I don’t really see your point. Even the examples you list are nonsensical.

* We are no longer in the ps2 era. EA now uses Frostbite, which was developed by the Swedish studio Dice. It is alive and well, powering some 40-50 games. https://en.m.wikipedia.org/wiki/Frostbite_(game_engine)

* Nokia was dead well before MS bought them.

I sort or agree but those aren't exactly great example.

I dont see how Renderware would compete with Unreal. Even their owner EA choose Unreal. They were great in PS2 era, but next Gen console ( PS3 ) they were not.

Nokia was dead even before Stephen Elop became the CEO. So the Microsoft acquisition has nothing to do with it.

IMG - Yes. But I would argue they were dead either way. They couldn't get more GPU licensing due to ARM's Mali being cheap and good enough. They couldn't expand into other IP licensing areas. Their MIPS acquisition was 5 years too late. Their wireless part couldn't compete with CEVA. And they somehow didn't sell themselves to Apple as an Exit. ( But then Apple lied about not using IMG's IP. While Steve Jobs often put a spin thing, I find Time Cook's Apple quite often just flat out lying )

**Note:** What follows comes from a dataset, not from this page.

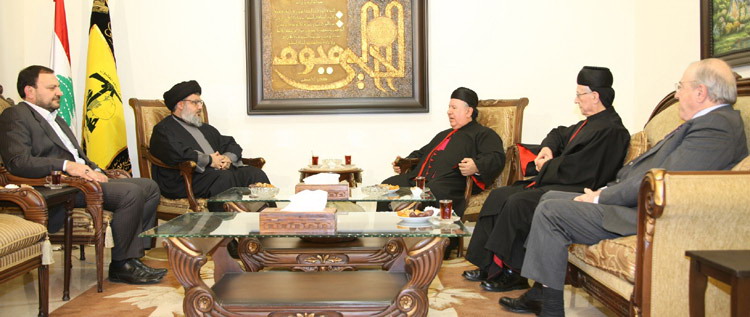 Une délégation représentant le patriarche maronite Béchara Raï chez sayed Nasrallah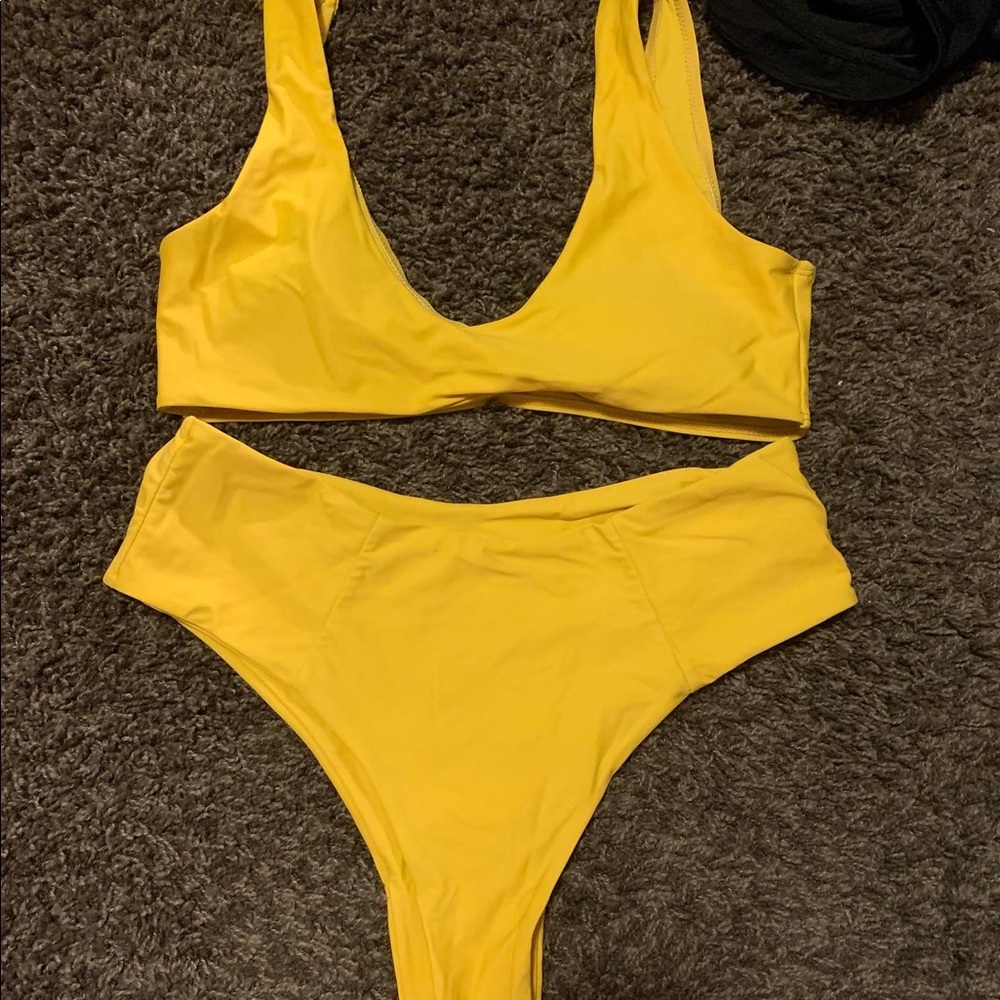 Bathing suit never worn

I'm a game rendering engineer that uses Unreal (and used Renderware) so I know a little about this subject.

If Renderware hadn't been brought by EA (and hence controlled by your competitor), the rest of the industry would probably have kept using Renderware as it was the best option and development would have continued. It would have been built on to deliver next gen experiences.

It mirrors pretty much perfectly what is wrong with the ARM Nvidia deal.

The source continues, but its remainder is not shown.